How to Use H100 Under 2 Dollars

TLDR

You can save the most on running H100 combining three practices: use a multi provider search to locate the lowest spot prices, design training flows that avoid idle compute, and checkpoint aggressively so you can migrate between providers without losing progress. This guide explains how to do that in a reliable and developer friendly way.

Why H100 Pricing Varies So Much

H100 pricing varies widely across on demand providers, spot markets, and community GPU platforms. Depending on supply, region and host capacity, the same H100 can be listed for under $2 per hour on providers like Vast AI, Akash or climb to well above $8 per hour. This spread makes price discovery essential if you want consistent cost efficiency.

Most engineers end up overpaying because they lock themselves into a single platform or they keep jobs running even while idle. Both issues can be solved with better discovery and better workload design.

Practice 1

Use a cross provider search to locate the lowest price

Spot markets and community GPU marketplaces often offer significantly lower prices, but availability fluctuates. A cross provider discovery layer helps you find the current lowest cost H100 without manually checking multiple dashboards.

Aquanode includes a simple price filter that aggregates listings across major marketplaces. You can sort by effective hourly price, memory size, or host rating. This matters because H100 prices frequently fall below $2 during low demand windows.

H100 pricing comparison

Practice 2

Avoid idle GPU time with checkpoint first training

The biggest hidden cost in H100 workloads is idle compute. If you treat GPU sessions as disposable, you can terminate them whenever the GPU is not actively training and then resume later.

A practical pattern:

Save a checkpoint after every N steps
Sync checkpoints to durable remote storage
Shut down the H100 when preprocessing, evaluation, or debugging creates idle time
Resume on any available H100, even from another provider

This keeps your effective cost close to actual training time instead of total session time.

Practice 3

Migrate between machines without affecting training

If a cheaper H100 becomes available, you should be able to move immediately. Frameworks already support this:

PyTorch state_dict checkpoints
DeepSpeed and FSDP sharded checkpoints
Hugging Face Accelerate unified checkpointing

Example workflow:

Train on an H100 you found at around $2
A new listing appears at $1.60
Save a checkpoint and stop the current session
Start a new session on the cheaper host
Restore and continue training

This mirrors large scale cluster scheduling strategies but applied to public GPU markets.

Realistic Example

Suppose you train a diffusion model for 8 hours daily. Traditional long lived instances often accumulate idle time, costing more than expected. Instead:

During active training: rent the lowest cost H100 available
During CPU heavy preprocessing or debugging: shut the instance down
When a cheaper H100 appears: migrate and resume

This typically yields more than 40% savings because you pay only during active GPU utilization and always select the lowest priced hardware.

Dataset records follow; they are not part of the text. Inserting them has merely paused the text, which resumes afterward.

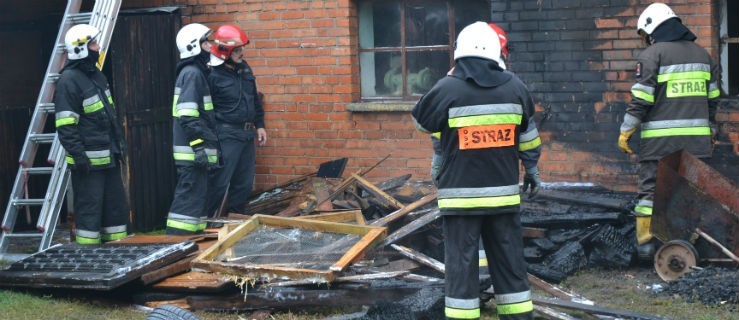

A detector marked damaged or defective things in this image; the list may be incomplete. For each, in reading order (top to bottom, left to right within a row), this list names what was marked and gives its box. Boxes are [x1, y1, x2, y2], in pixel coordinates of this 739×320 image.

burnt wooden debris [1, 156, 716, 318]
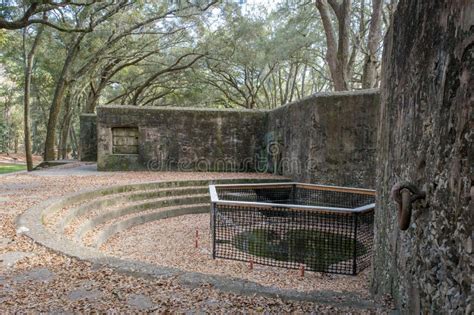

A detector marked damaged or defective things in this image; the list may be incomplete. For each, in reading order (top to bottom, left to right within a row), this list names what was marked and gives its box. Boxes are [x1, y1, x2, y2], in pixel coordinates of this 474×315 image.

rusty metal hook [390, 181, 428, 231]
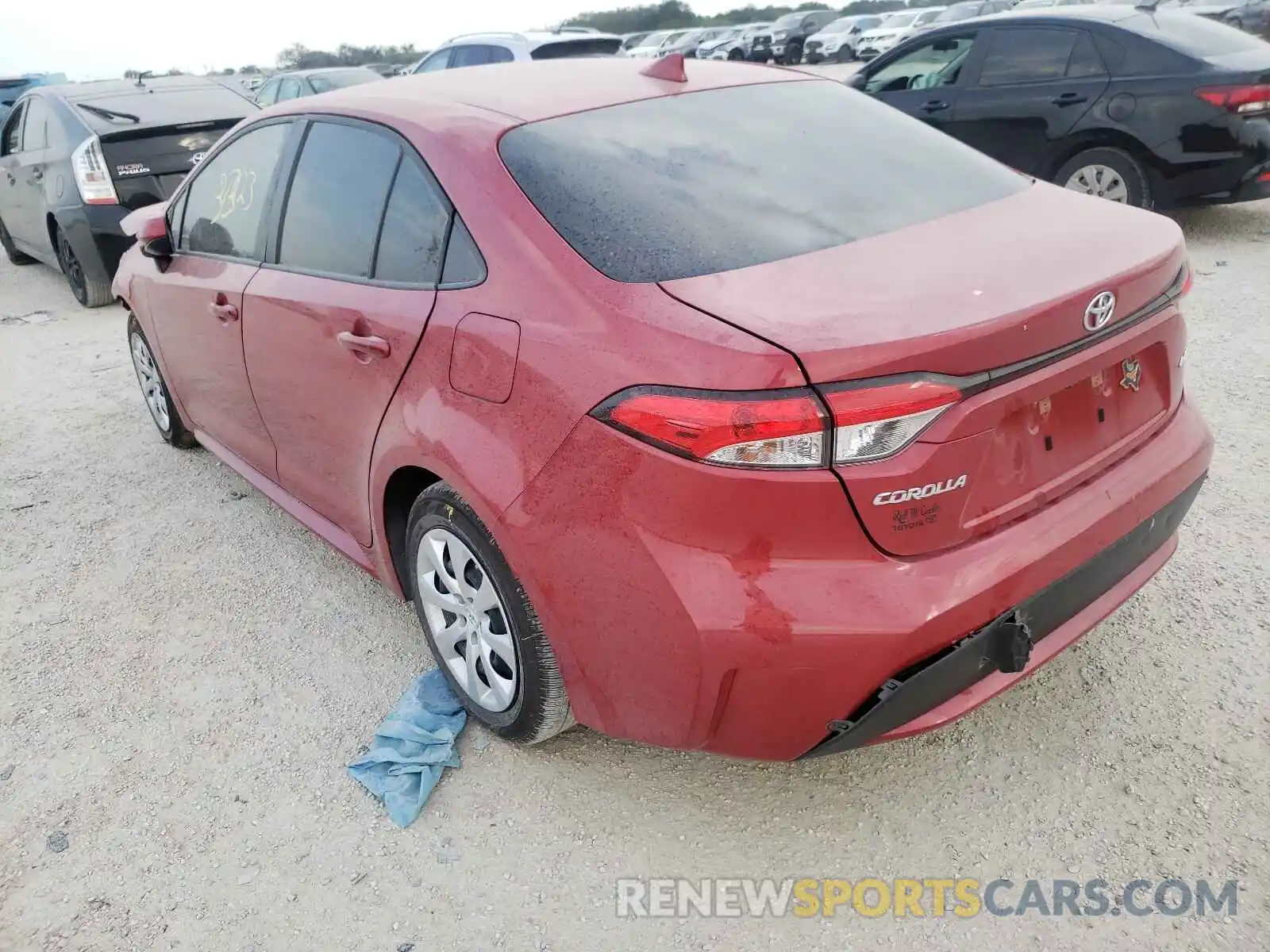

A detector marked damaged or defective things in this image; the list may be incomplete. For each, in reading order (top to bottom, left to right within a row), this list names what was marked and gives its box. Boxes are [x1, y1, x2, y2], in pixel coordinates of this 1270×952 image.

damaged bumper section [797, 477, 1203, 762]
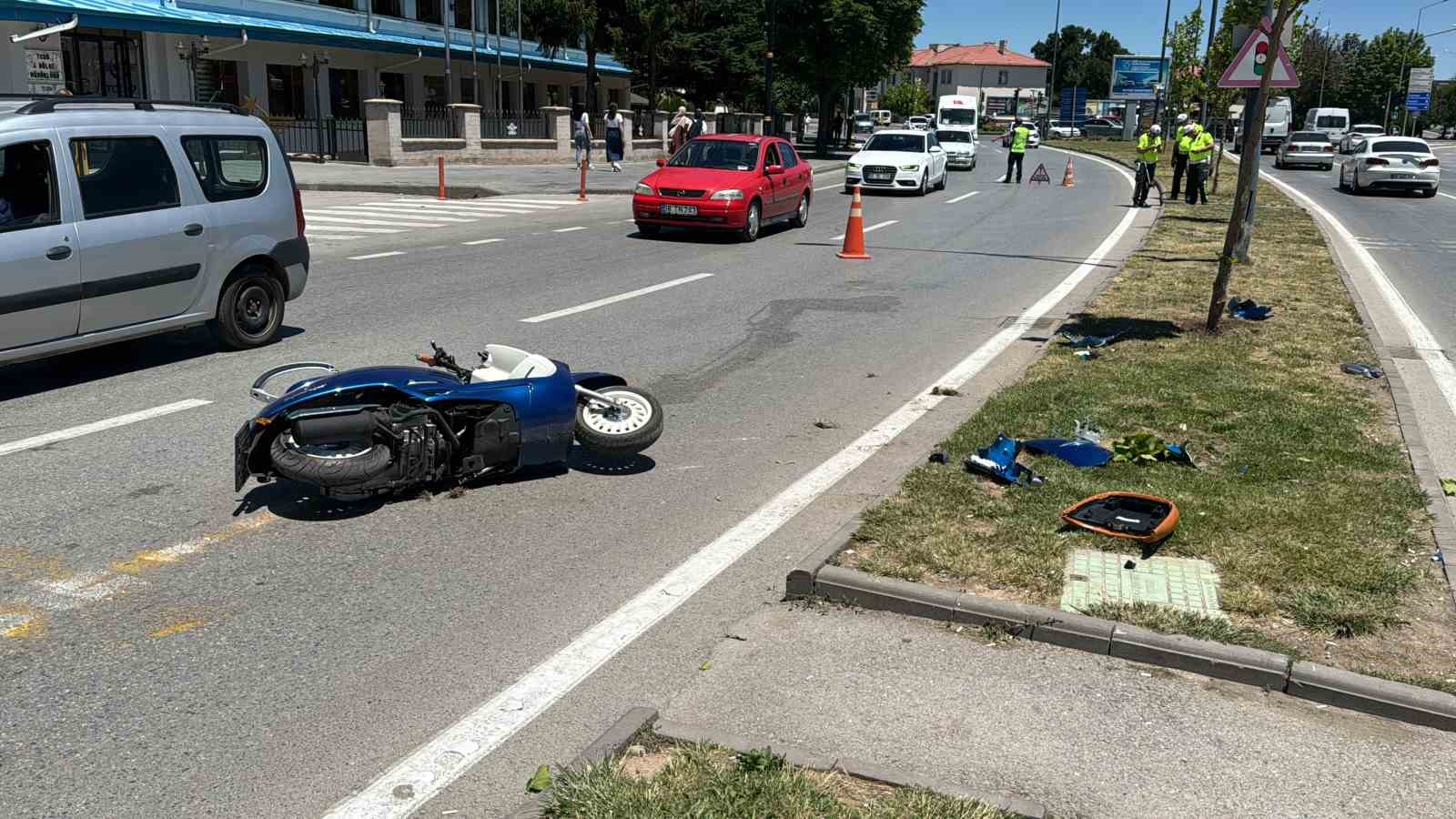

Notes on Stability and Provider Differences

Low cost H100s often come from diverse hosts with varying network bandwidth, NVMe performance, and startup characteristics. To keep migrations reliable:

use containerized environments
store checkpoints externally
avoid vendor specific bindings
validate GPU compute capability on startup

Conclusion

Running H100 workloads for under $2 is not about relying on a single provider. It is about using a discovery layer that surfaces the current lowest prices and structuring your workflow so that sessions are portable. Aquanode helps identify low cost options, while checkpoint first design keeps training independent of any single machine or provider.